Leave out all pictures. Extract exactly the lines from the one containing "Designer Silver Necklace" through the end of the data.
● ● ● ● ● ● ●
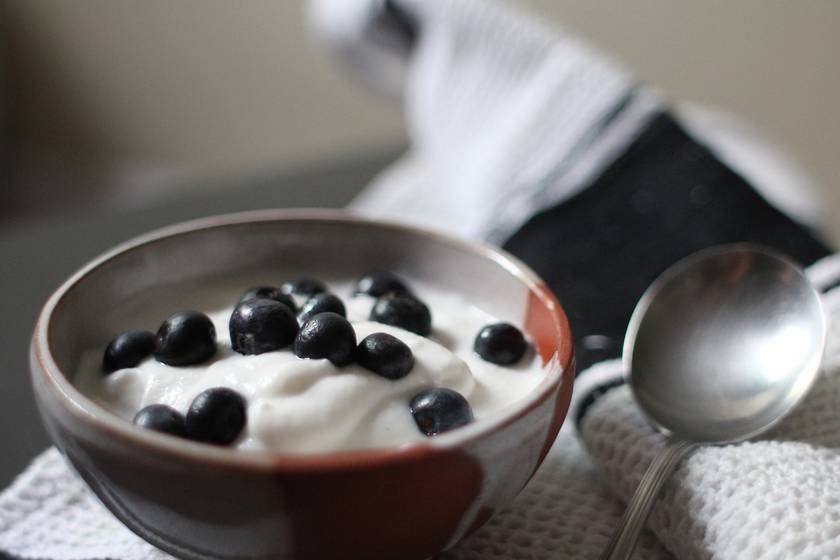 Inspiration: Home-Made Almond Yoghurt with Blueberries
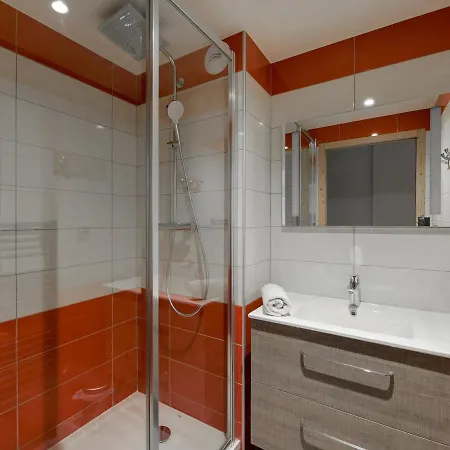 2 Pieces Renove, Balcon, Proche Pistes, Acces Bien-etre, Parking Gratuit, Animaux Admis - Fr-1-181-1986 Apartment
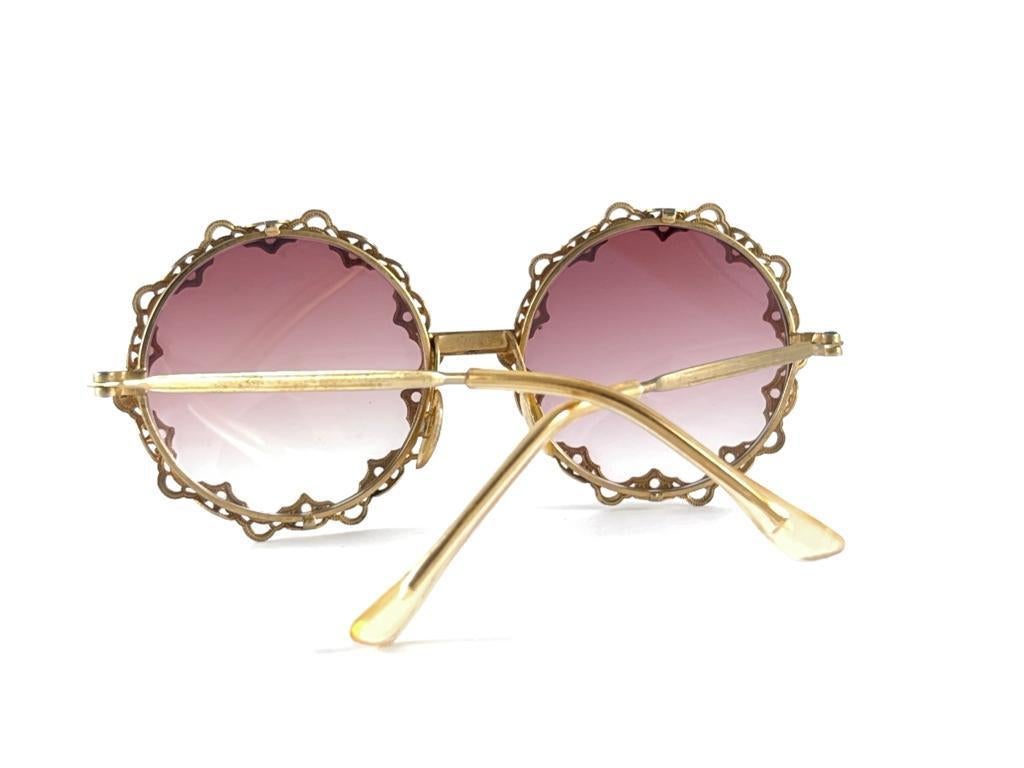 Mint Vintage Round Gold Frame Gradient Pink Lenses 1960'S Made In Italy For Sale 4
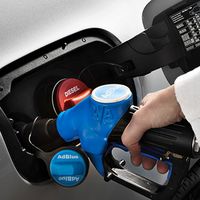 Bruselas acusa a BMW, Daimler y Volkswagen de frenar el desarrollo de coches más limpios durante ocho años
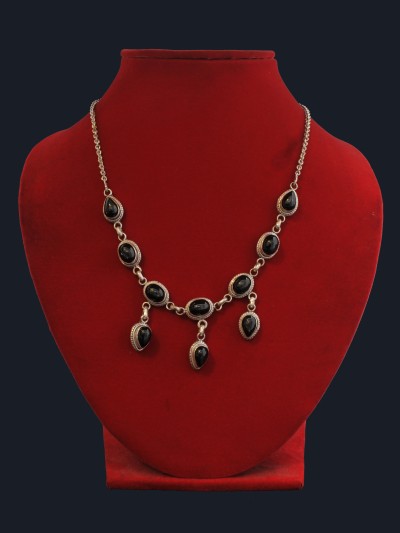 Designer Silver Necklace Of Black Seven Stone Design (multilayer Black Star)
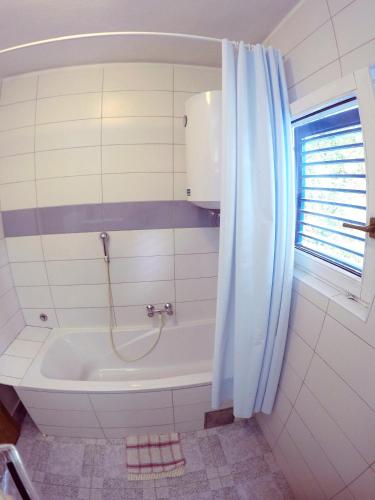 Two-Bedroom Apartment with Terrace and Sea View image 5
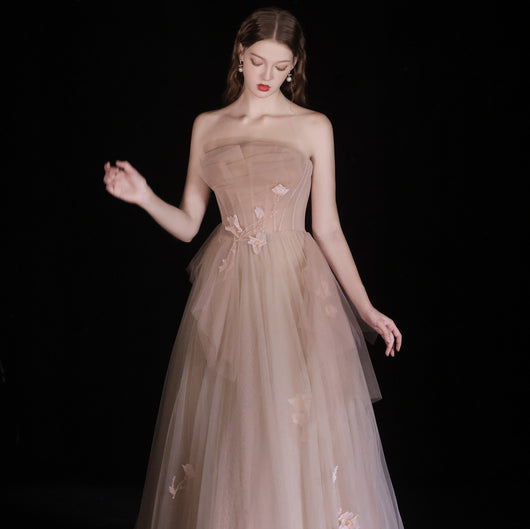 Vestido de Novia Tubo con Flores para Cena de Bodas - Image 14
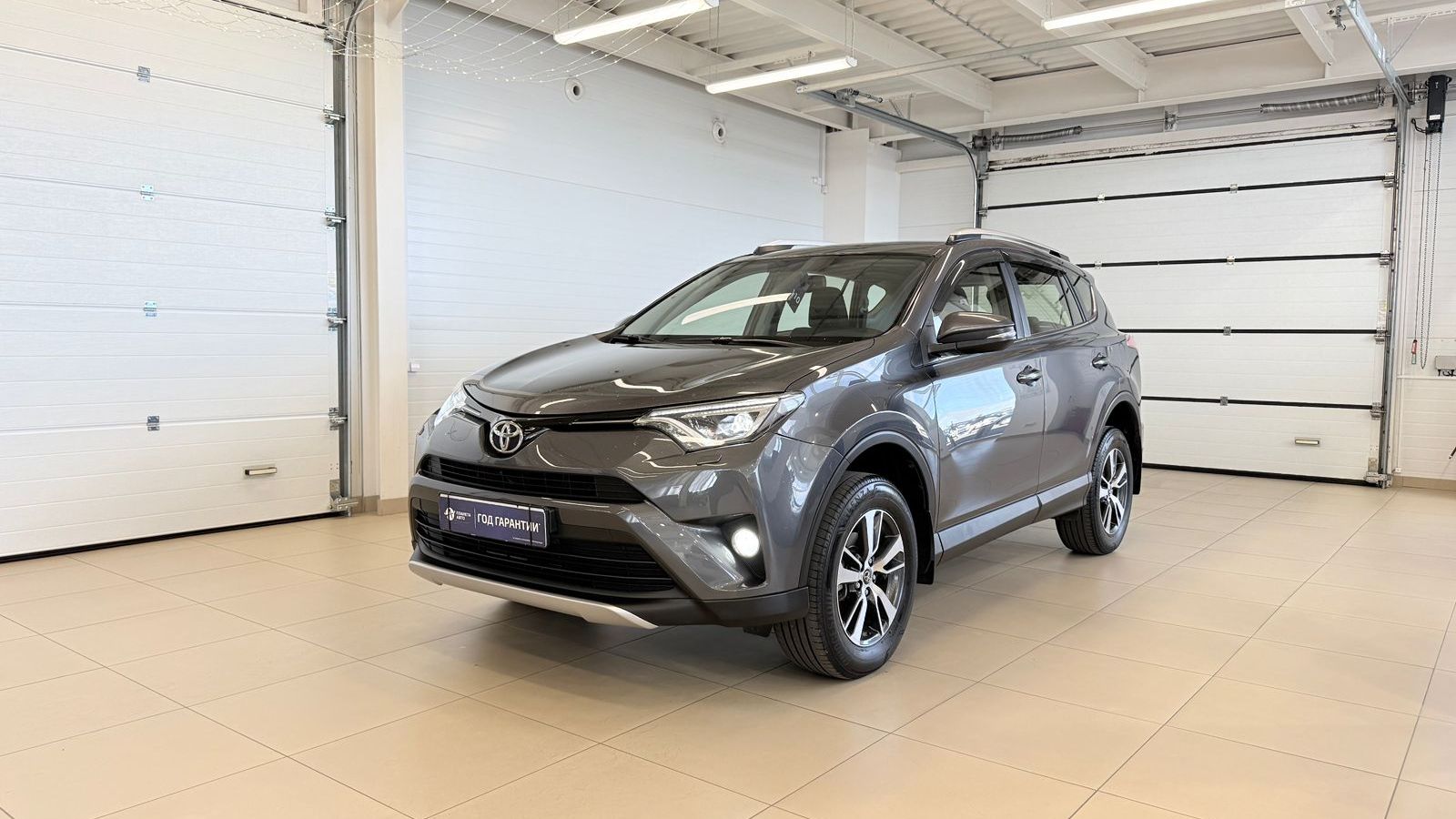 Toyota RAV4, 2015 год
● ● ● ● ● ● ●
Expected answer
 Designer Silver Necklace Of Black Seven Stone Design (multilayer Black Star)
 Two-Bedroom Apartment with Terrace and Sea View image 5
 Vestido de Novia Tubo con Flores para Cena de Bodas - Image 14
 Toyota RAV4, 2015 год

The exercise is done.